10.01.2021
Kadıncağız anlatıyor:
Maklubeci tosun marulcu olmuş
“Öldürmemesi için yalvardım. Kızlarımın üstüne kapandım. Tüfeğin dipçiği ile kafama vurdu. Gözüm, yüzüm, kolum ve omzumdan yaralandım. Çıplak halde ve ellerim kelepçeliydi. Rambo bıçağıyla göğsümden yaraladı. Avda kullandığı naylon iple cenin pozisyonunda olacak şekilde banyoda buldum kendimi. Tecavüz ettiğini hissettim. Çay kaşığı ve saç tel tokaları ile kelepçeyi açmaya çalıştık ama açamadık”.
Bu işkenceye, bu zulme uğrayan kadın, bu zulmü, bu işkenceyi yapan kocasını vurup öldürdü.
Soruyorum:
Şimdi bu kadın suçlu mu yani?
Yazının tamamı için tıklayın
Yorum
İstanbul sözleşmesi var ya, her sorunumuzu çözüyor (!)

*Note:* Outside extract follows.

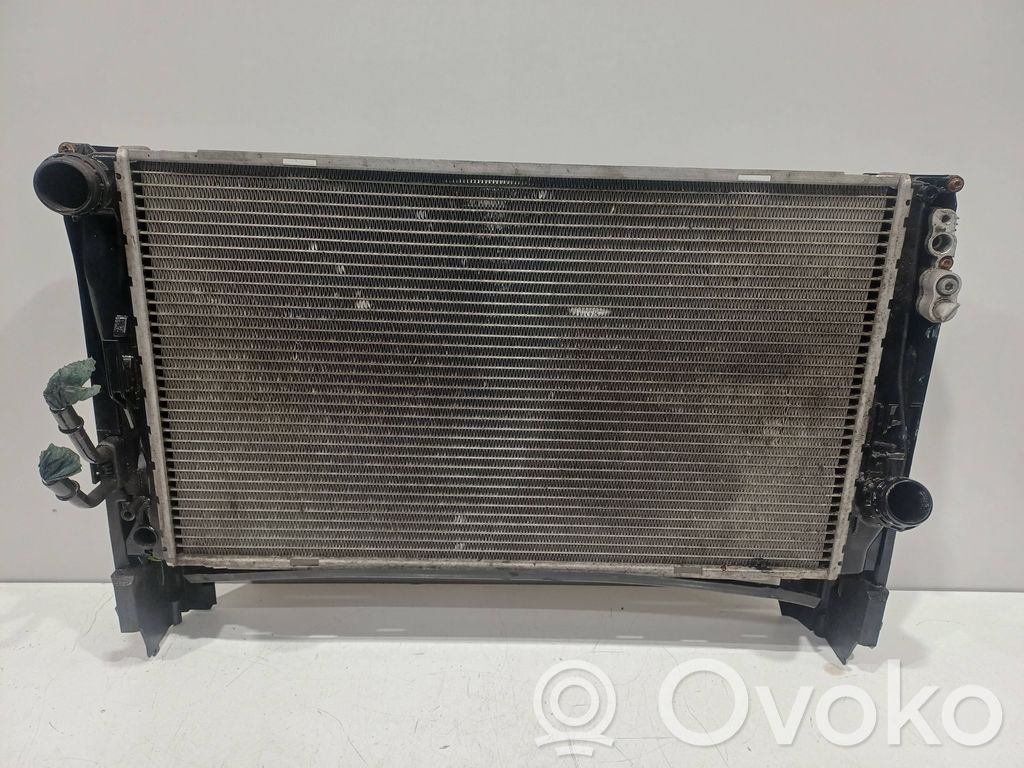 Coolant radiator   7524914,779744704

Her gün bu haberleri duyuyoruz. Kadınların kocalarından çektiklerini haberlerde görüyoruz. Daha da kötüsü kocası olmasına da gerek yok, sevgilisi, eski erkek arkadaşı gibi ifadeler çok daha fazla karşımıza çıkıyor ve çok daha da kötüsü bu kavramların artık kendine Müslüman diyen çevrelerde de kanıksanmış olması.
Bu çevreler de dahil tüm çevreler kadını kutsallaştırma yolunda hızla ilerliyor. Kadını koruma kanunu çıkarılıyor, kadın cinayetleri daha da çok artıyor. Artık cinayetleri değil işkenceleri konuşur olduk.
Hala çözümleri başka yerlerde arıyorlar. Allah’ın ayetlerine baksanıza, Peygamberin, sahabenin aile hayatlarına baksanıza. Yok yok, olur mu hiç? Kuran’ı nasıl yaşamımıza sokarız? Aslında bundan en çok hoşlanmayan kendine Müslüman diyen feministler. Kesinlikle karşılar Peygamberin aile yaşamına, Kuran’daki aile ile ilgili hükümlere, Kuran’daki evlilik usullerine. Savundukları İstanbul sözleşmesini ahirette Allah’ın karşısında nasıl savunacaklar merak ediyorum.